* _Data excerpts_
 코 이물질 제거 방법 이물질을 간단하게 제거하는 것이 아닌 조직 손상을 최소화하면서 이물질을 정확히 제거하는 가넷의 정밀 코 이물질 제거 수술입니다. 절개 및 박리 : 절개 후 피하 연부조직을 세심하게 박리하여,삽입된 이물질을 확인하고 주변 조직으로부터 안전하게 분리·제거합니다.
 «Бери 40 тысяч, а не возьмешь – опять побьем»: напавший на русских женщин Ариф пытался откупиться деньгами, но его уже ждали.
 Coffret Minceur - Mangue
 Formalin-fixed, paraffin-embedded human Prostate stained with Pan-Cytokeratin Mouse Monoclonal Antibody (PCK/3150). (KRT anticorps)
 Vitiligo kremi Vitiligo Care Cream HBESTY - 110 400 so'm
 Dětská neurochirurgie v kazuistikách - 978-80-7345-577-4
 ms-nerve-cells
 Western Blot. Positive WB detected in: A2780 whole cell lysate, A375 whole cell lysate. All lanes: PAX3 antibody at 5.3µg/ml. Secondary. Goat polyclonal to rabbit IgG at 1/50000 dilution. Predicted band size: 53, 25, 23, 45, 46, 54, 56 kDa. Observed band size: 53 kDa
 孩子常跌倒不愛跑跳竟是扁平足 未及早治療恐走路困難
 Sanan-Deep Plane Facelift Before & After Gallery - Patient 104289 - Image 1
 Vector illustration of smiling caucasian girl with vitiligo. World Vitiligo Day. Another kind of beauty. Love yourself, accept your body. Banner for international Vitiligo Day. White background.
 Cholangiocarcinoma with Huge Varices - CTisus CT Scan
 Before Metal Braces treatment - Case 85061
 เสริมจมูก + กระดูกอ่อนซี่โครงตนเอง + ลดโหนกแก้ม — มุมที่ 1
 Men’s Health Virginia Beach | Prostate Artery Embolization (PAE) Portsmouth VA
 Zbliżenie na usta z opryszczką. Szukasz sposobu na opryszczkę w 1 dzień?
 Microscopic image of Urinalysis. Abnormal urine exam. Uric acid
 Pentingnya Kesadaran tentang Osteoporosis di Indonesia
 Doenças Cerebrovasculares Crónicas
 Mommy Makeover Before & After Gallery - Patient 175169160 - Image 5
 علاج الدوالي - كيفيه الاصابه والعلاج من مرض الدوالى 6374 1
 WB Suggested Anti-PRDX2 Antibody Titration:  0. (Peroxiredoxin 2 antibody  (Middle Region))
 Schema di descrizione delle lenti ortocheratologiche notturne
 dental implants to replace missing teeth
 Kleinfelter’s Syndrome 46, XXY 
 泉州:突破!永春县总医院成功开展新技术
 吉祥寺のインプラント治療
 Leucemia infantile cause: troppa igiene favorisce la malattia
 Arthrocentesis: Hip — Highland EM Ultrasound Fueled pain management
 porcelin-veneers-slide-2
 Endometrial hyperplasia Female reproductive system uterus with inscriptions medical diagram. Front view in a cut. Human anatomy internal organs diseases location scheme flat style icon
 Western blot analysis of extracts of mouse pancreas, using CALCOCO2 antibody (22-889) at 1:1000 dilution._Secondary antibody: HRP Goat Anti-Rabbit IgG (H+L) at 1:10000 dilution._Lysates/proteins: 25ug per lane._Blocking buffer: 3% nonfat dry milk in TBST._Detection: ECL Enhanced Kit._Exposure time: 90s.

* _What you have to do_
Start at the line containing "Men’s Health Virginia". Repeat it and each line after it, word for word, to the end of the records.

* _Answer area_
 Men’s Health Virginia Beach | Prostate Artery Embolization (PAE) Portsmouth VA
 Zbliżenie na usta z opryszczką. Szukasz sposobu na opryszczkę w 1 dzień?
 Microscopic image of Urinalysis. Abnormal urine exam. Uric acid
 Pentingnya Kesadaran tentang Osteoporosis di Indonesia
 Doenças Cerebrovasculares Crónicas
 Mommy Makeover Before & After Gallery - Patient 175169160 - Image 5
 علاج الدوالي - كيفيه الاصابه والعلاج من مرض الدوالى 6374 1
 WB Suggested Anti-PRDX2 Antibody Titration:  0. (Peroxiredoxin 2 antibody  (Middle Region))
 Schema di descrizione delle lenti ortocheratologiche notturne
 dental implants to replace missing teeth
 Kleinfelter’s Syndrome 46, XXY 
 泉州:突破!永春县总医院成功开展新技术
 吉祥寺のインプラント治療
 Leucemia infantile cause: troppa igiene favorisce la malattia
 Arthrocentesis: Hip — Highland EM Ultrasound Fueled pain management
 porcelin-veneers-slide-2
 Endometrial hyperplasia Female reproductive system uterus with inscriptions medical diagram. Front view in a cut. Human anatomy internal organs diseases location scheme flat style icon
 Western blot analysis of extracts of mouse pancreas, using CALCOCO2 antibody (22-889) at 1:1000 dilution._Secondary antibody: HRP Goat Anti-Rabbit IgG (H+L) at 1:10000 dilution._Lysates/proteins: 25ug per lane._Blocking buffer: 3% nonfat dry milk in TBST._Detection: ECL Enhanced Kit._Exposure time: 90s.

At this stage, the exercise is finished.